Authors: Bastian Heider*, TU Dortmund University, Stefan Siedentop, ILS – Research Institute for Regional and Urban Development, Christian Gerten, ILS – Research Institute for Regional and Urban Development
Topics: Urban Geography, Economic Geography, Quantitative Methods
Keywords: polycentric city regions, agglomeration economies, employment subcenters,
Session Type: Paper
Start / End Time: 11:10 AM / 12:25 PM
Room: Director's Row E, Sheraton, Plaza Building, Lobby Level
Presentation File: No File Uploaded
Numerous studies on have shown that during the second half of the 20th century multiple employment concentrations emerged outside the traditional CBDs of American as well as European metropolitan areas. These findings challenged the traditional view on urban spatial structure dominated by the monocentric city model and led to the emergence of new theories emphasizing on polycentricity as determining model of urban land use and resource allocation. While there exists an extensive literature on methods for the correct identification of employment subcenters, the (local) determinants of employment subcenter growth are remarkably under-researched. The empirical evidence on those factors is limited to a few case study regions, comprising only a very modest amount of local employment concentrations. In this paper, we aim to identify the determinants of industrial employment growth in 634 employment subcenters across the 50 largest metropolitan areas using multilevel regression models.
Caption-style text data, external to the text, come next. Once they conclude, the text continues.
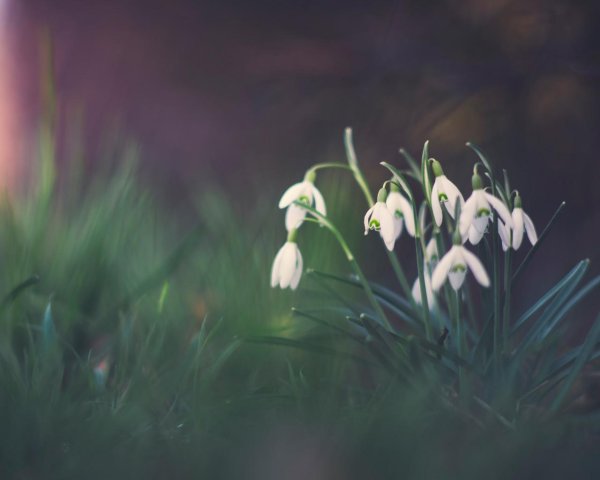подснежники фон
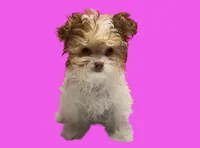 Bella, a female Maltipoo for sale in San Antonio, TX – Photo 5 of 7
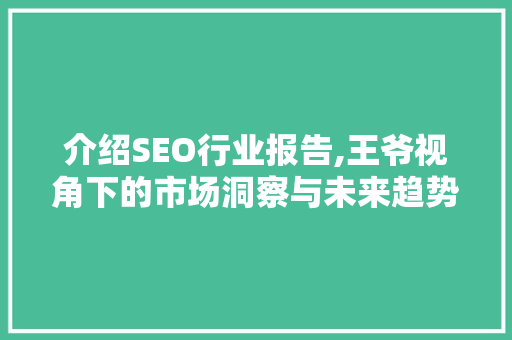 介绍SEO行业报告,王爷视角下的市场洞察与未来趋势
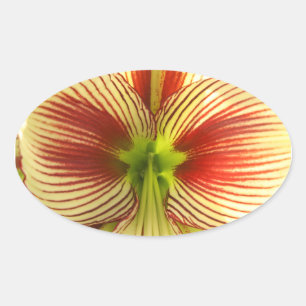 Butterfly Amaryllis Ovale Sticker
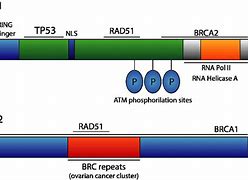Image result for Hereditary BRCA2 Mutation Profile Expression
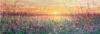 A New Day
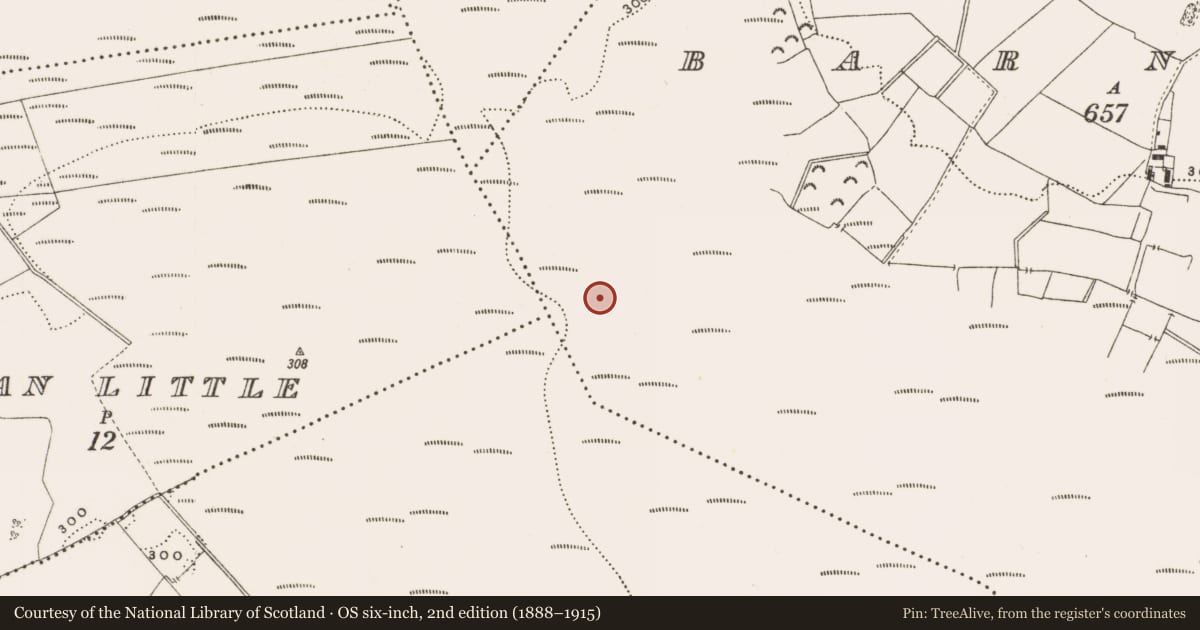 Ordnance Survey six-inch map, 2nd edition (1888–1915) covering the location of Structure - peatland, Barnaboy, County Offaly, with a pin at the register's coordinates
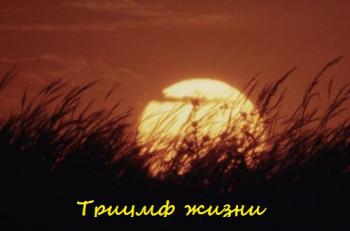 National Geographic. Триумф Жизни / National Geographic. Triumph of Life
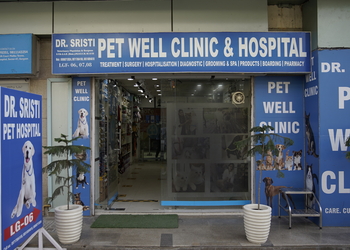 Dr-sristi-pet-well-clinic-hospital-Veterinary-hospitals-Gurugram-Haryana-1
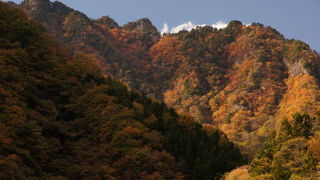 ここの紅葉は最高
Our approach is the first that examines the determinants of the emergence and growth employment subcenters across a comprehensive sample of city regions and incorporates explanatory variables at different spatial scales (metropolitan area and local employment subcenter). The empirical results are not only interesting from the perspective of analyzing the evolution of polycentric city regions, but also should enhance the general understanding of the nature (specialization vs. diversification) and geographical scale (regional vs. local) of agglomeration economies.